[Kubernetes] Auto Scaling

IT/Kubernetes

[Kubernetes] Auto Scaling

깅지수 2022. 5. 27. 20:47

Auto Scaling

* 참고 : 파드 및 컨테이너 리소스 관리 | Kubernetes

파드 및 컨테이너 리소스 관리

파드를 지정할 때, 컨테이너에 필요한 각 리소스의 양을 선택적으로 지정할 수 있다. 지정할 가장 일반적인 리소스는 CPU와 메모리(RAM) 그리고 다른 것들이 있다. 파드에서 컨테이너에 대한 리소

kubernetes.io

Resource Request & Limit

1. 요청 : request

2. 제한 : limit

3. 요청 & 제한 둘다

(요청 =< 제한)

* QoS(Quality of Service : 서비스 품질) Class:

BestEffort : 요청 및 제한이 설정되어 있지 않을 때 (가장 나쁨)
Burstable : 요청 < 제한
Guaranteed : 요청 = 제한 (가장 좋음)

pod.spec.containers.resources

requests
- cpu
- memory
limits
- cpu
- memory

CPU 요청 & 제한 : milicore 단위
ex) 1500m = cpu 1.5개, 1000m = cpu 1개
ex) 1.5, 0.1
Memory 요청 & 제한: M, G, T, Mi, Gi, Ti

myweb-reqlim.yaml

apiVersion: v1
kind: Pod
metadata:
  name: myweb-reqlim
spec:
  containers:
    - name: myweb
      image: ghcr.io/c1t1d0s7/go-myweb
      resources:
        requests:
          cpu: 200m
          memory: 200M
        limits:
          cpu: 200m
          memory: 200M

 kubectl describe pod myweb-reqlim

QoS Class:                   Guaranteed

- 노드별 CPU/Memory 사용량 확인

kubectl top nodes

- 파드별 CPU/Memory 사용량 확인

kubectl top pods
kubectl top pods -A

- 리소스 모니터링 (인프라 모니터링)
~~Heapster~~ (예전 리소스 모니터링 도구)
→ metric-server : (Storage가 x 때문에) 오직 실시간 cpu/memory 모니터링
→ prometheus : 실시간/이전 cpu/memory/network/disk 모니터링

- 노드별 요청/제한 양 확인

kubectl describe nodes node1

실행 할 수 없는 리소스 → 요청 cpu가 host가 가진 cpu를 초과했기 때문
myweb-big.yaml

apiVersion: v1
kind: Pod
metadata:
  name: myweb-big
spec:
  containers:
    - name: myweb
      image: ghcr.io/c1t1d0s7/go-myweb
      resources:
        limits:
          cpu: 3000m
          memory: 4000M

→ (request를 설정하지 않고) limit만 설정한 경우 : 자동으로 limit과 같은 값으로 request 설정됨

but (limit을 설정하지 않고) request만 설정한 경우 : 자동으로 limit은 설정되지 x

HPA : Horisontal Pod AutoScaler

* 참고 : Horizontal Pod Autoscaling | Kubernetes

Horizontal Pod Autoscaling

쿠버네티스에서, HorizontalPodAutoscaler 는 워크로드 리소스(예: 디플로이먼트 또는 스테이트풀셋)를 자동으로 업데이트하며, 워크로드의 크기를 수요에 맞게 자동으로 스케일링하는 것을 목표로 한

kubernetes.io

AutoScaling

Pod
- HPA (수평)
- VPA : Vertical (수직) Pod Autoscaler
Node
- ClusterAutoScaler

HPA : Deployment, ReplicaSet, StatefulSet의 복제본 개수를 조정

안정화 윈도우 (해당 시간까지는 scaling하지 않고 봐주면서 기다리기)

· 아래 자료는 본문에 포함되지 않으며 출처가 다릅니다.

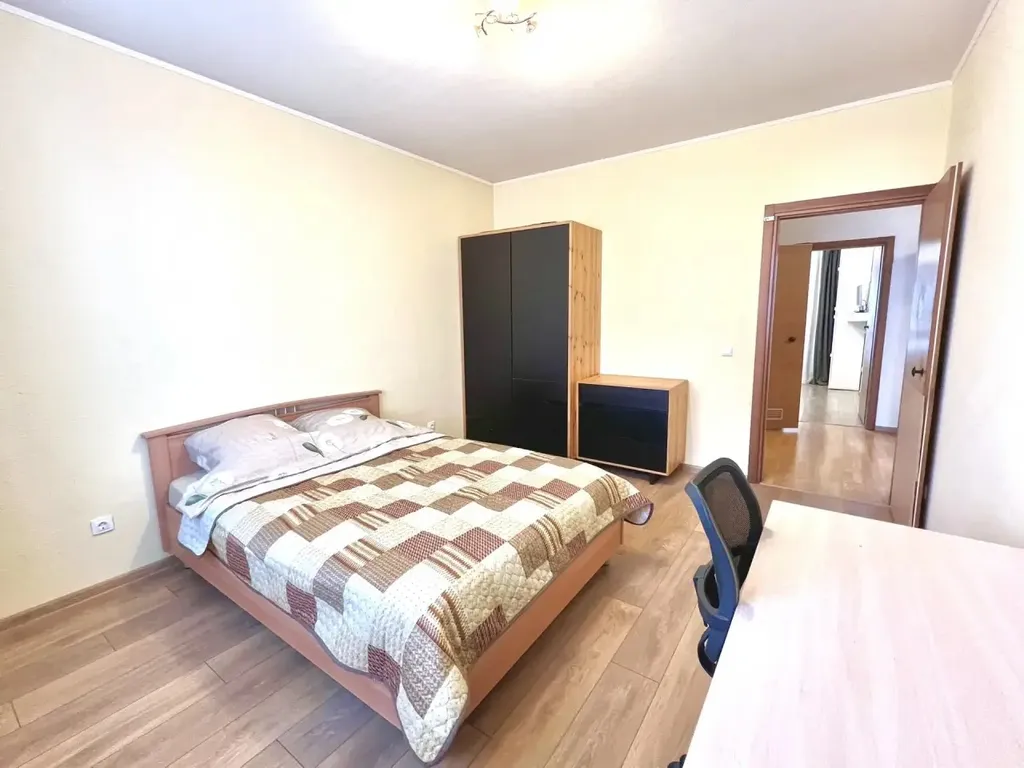 Просторная квартирка в центре Уралмаша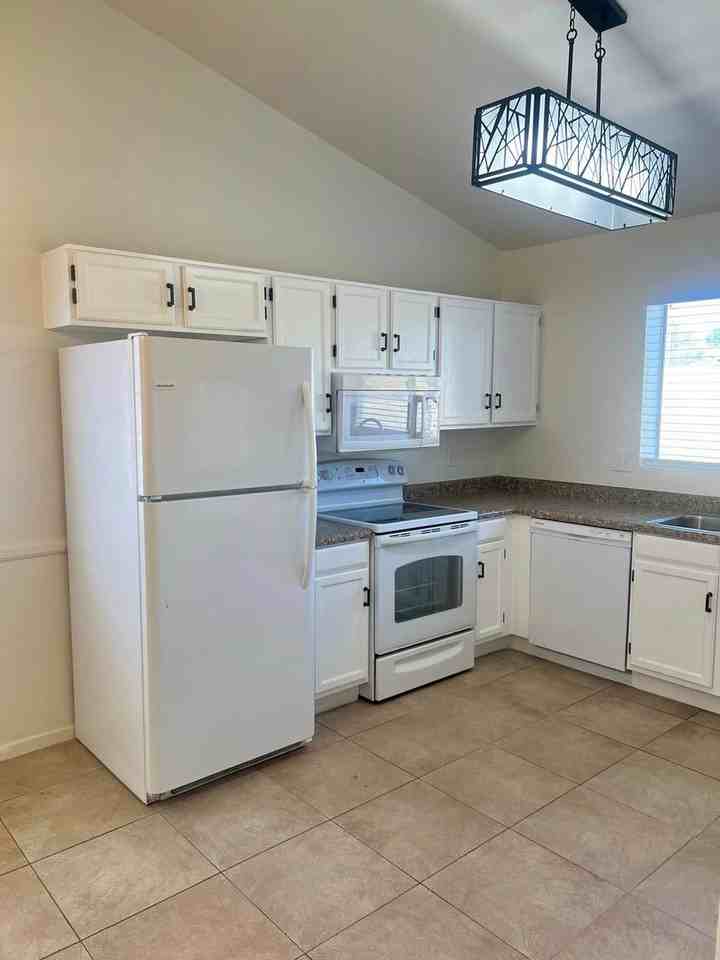 6335 E Brown Rd - Photo 5 of 35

(default) 스케일 아웃: 180초 / 스케일 인: 300초

원하는 레플리카 수 = ceil[현재 레플리카 수 * ( 현재 메트릭 값 / 원하는 메트릭 값 )]

myweb-deploy.yaml

apiVersion: apps/v1
kind: Deployment
metadata:
  name: myweb-deploy
spec:
  replicas: 2
  selector:
    matchLabels:
      app: web
  template:
    metadata:
      labels:
        app: web
    spec:
      containers:
        - name: myweb
          image: ghcr.io/c1t1d0s7/go-myweb:alpine
          ports:
            - containerPort: 8080
          resources:
            requests:
              cpu: 200m
            limits:
              cpu: 200m

* HPA를 위해 최소 request는 설정되여 함

myweb-hpa.yaml

apiVersion: autoscaling/v1
kind: HorizontalPodAutoscaler
metadata:
  name: myweb-hpa
spec:
  minReplicas: 1
  maxReplicas: 10
  targetCPUUtilizationPercentage: 50
  scaleTargetRef:
    apiVersion: apps/v1
    kind: Deployment
    name: myweb-deploy

부하

kubectl exec <POD> -- sha256sum /dev/zero

myweb-hpa-v2beta2.yaml

apiVersion: autoscaling/v2beta2
kind: HorizontalPodAutoscaler
metadata:
  name: myweb-hpa
spec:
  minReplicas: 1
  maxReplicas: 10
  metrics:
    - type: Resource
      resource:
        name: cpu
        target:
          type: Utilization
          avarageUtilization: 50
  scaleTargetRef:
    apiVersion: apps/v1
    kind: Deployment
    name: myweb-deploy